> What is required: Going down the data below, set down exactly the line with "Robot hammer lightning" and each line after it through the line with "SweatBlock Deodorant &"; no other lines.
※ ※ ※
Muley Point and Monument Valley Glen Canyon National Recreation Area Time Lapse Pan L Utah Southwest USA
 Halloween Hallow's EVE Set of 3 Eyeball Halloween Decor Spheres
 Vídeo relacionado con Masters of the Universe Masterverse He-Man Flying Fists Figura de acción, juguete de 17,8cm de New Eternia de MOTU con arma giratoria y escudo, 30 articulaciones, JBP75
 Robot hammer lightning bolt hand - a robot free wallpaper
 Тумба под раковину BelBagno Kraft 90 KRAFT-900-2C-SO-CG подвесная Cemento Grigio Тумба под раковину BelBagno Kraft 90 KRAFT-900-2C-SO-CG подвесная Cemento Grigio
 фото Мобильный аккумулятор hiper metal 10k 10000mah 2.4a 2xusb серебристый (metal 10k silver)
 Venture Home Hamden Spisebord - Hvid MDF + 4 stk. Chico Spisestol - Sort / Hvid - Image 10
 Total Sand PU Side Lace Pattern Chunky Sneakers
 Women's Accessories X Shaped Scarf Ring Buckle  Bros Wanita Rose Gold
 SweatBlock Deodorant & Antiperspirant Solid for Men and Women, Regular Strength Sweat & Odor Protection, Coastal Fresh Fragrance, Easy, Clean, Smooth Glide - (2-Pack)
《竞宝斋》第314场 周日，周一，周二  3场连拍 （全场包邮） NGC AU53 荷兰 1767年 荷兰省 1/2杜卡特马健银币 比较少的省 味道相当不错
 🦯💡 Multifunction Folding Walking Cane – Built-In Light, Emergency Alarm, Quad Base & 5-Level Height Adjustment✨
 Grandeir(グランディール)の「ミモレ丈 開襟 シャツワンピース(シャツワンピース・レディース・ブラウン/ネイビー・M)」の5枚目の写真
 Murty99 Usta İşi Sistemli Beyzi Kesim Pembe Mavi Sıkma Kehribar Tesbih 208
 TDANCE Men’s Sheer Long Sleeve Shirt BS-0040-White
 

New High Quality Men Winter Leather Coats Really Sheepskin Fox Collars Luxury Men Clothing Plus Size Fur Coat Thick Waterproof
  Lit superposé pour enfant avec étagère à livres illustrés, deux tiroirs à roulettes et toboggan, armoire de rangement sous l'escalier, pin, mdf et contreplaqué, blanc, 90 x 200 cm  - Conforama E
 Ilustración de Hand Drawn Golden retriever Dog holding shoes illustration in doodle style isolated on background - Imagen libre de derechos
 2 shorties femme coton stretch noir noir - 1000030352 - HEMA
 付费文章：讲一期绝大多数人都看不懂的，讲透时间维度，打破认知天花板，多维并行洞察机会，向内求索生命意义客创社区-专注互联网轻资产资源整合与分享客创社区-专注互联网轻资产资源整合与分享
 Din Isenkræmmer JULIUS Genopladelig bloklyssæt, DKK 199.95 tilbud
※ ※ ※
> Written solution:
 Robot hammer lightning bolt hand - a robot free wallpaper
 Тумба под раковину BelBagno Kraft 90 KRAFT-900-2C-SO-CG подвесная Cemento Grigio Тумба под раковину BelBagno Kraft 90 KRAFT-900-2C-SO-CG подвесная Cemento Grigio
 фото Мобильный аккумулятор hiper metal 10k 10000mah 2.4a 2xusb серебристый (metal 10k silver)
 Venture Home Hamden Spisebord - Hvid MDF + 4 stk. Chico Spisestol - Sort / Hvid - Image 10
 Total Sand PU Side Lace Pattern Chunky Sneakers
 Women's Accessories X Shaped Scarf Ring Buckle  Bros Wanita Rose Gold
 SweatBlock Deodorant & Antiperspirant Solid for Men and Women, Regular Strength Sweat & Odor Protection, Coastal Fresh Fragrance, Easy, Clean, Smooth Glide - (2-Pack)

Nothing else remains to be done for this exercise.